A strike that could have halted production of some of General Motors’ most profitable and important vehicles was narrowly averted Thursday. 

About 15 minutes before a 10 a.m. strike deadline, GM and the UAW reached a tentative agreement for a new contract for about 600 of GM’s Subsystems Manufacturing LLC employees. 

The details of that agreement are not yet known.

“The UAW will now focus on the ratification process,”  GM spokesman Dan Flores said in a statement. “We won’t be discussing details of the tentative agreement until the ratification process is complete.”

UAW picket signs Thursday, June 16, 2022, along the south entrance of Case New Holland Industrial's Burlington plant. Local 807 represents 430 of the 1,100 workers in Burlington and Racine, Wisconsin, who have been on strike against Case since May 2.
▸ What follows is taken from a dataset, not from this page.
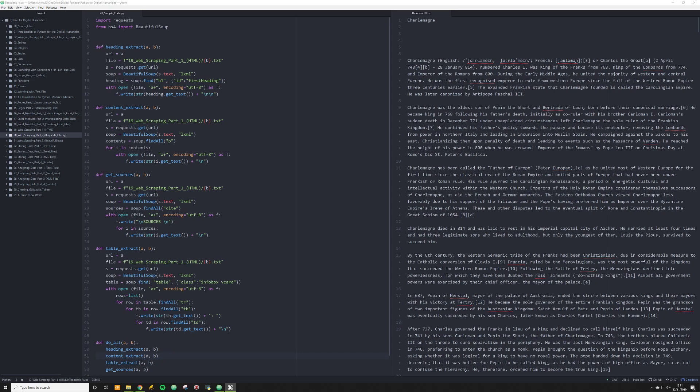You're better off storing your data outside of Python and using Python to actually interact with that data as a script. In other words, using Python to not be the thing that stores data, but the thing that interacts with that data. And that's the proper way to use Python in a DH project. There might be an instance where you need to store a list in an actual script. I've done that once or twice before, but for the most part, you're going to be interacting with data outside of Python.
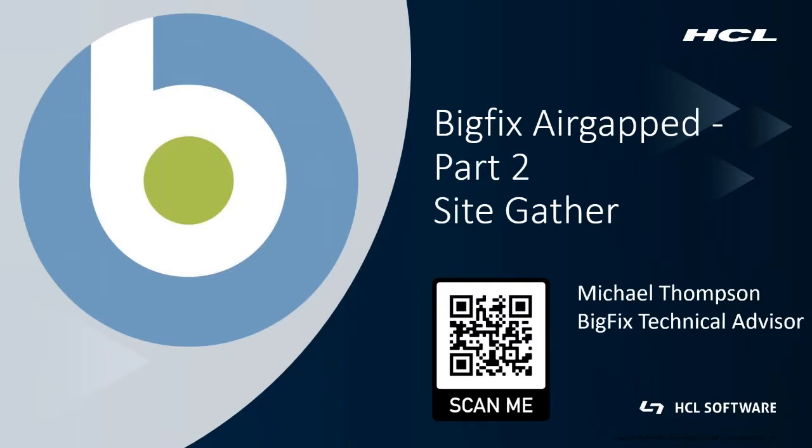G'day, I'm Michael Thompson. I'm a BigFix Technical Advisor for Asia Pacific based out of Melbourne, Australia. Down at the bottom you can see my QR code which you can scan to get in contact with me via LinkedIn.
The subsystem employees have a different contract than that of the 48,000 GM hourly workforce in the U.S. that went on strike in 2019.

The subsystem workforce’s contract expired 14 months ago and after repeatedly failing to reach an agreement on a new contract, the UAW set a strike deadline for 10 a.m. Thursday for the subsystem workers at Flint Assembly, Factory Zero, Lansing Grand River and Orion Assembly plants. 

The UAW confirmed that it and GM Subsystems Manufacturing LLC have reached a tentative agreement that the union will show to members of Locals 22, 598, 652 and 5960.

“This negotiation was drawn out and hard fought,” said UAW Vice President Terry Dittes, who is director of the union’s General Motors Department, in a statement. “We look forward to presenting the tentative agreement to members for their ratification.”

Critical to GM production

The subsystem workers’ strike could have brought production of GM’s most profitable vehicles to a standstill within hours. 

Subsystem workers sort all the parts that come into to the plants and then deliver those parts to the assembly line to keep production humming. 

“They bring me my parts. I can’t do my job on the line without them bringing me the parts,” said a GM hourly worker at Flint Assembly plant. The worker declined to be named because of the sensitive nature of contract negotiations. 

Flint Assembly is where GM builds its highly profitable and popular Chevy Silverado and GMC Sierra heavy-duty pickups. 

GM has three U.S. factories that build pickups. All three returned to round-the-clock operation earlier this week.

Local 598 Shop Chairman Eric Welter put out memos to union members at Flint Assembly earlier this week, the person said. The memos emphasized that GM’s regular hourly workers must — under terms of their 2019 National Agreement — cross the subsystem workers’ picket line and report to work if there is a strike. GM hourly workers could be fired if they joined the picket.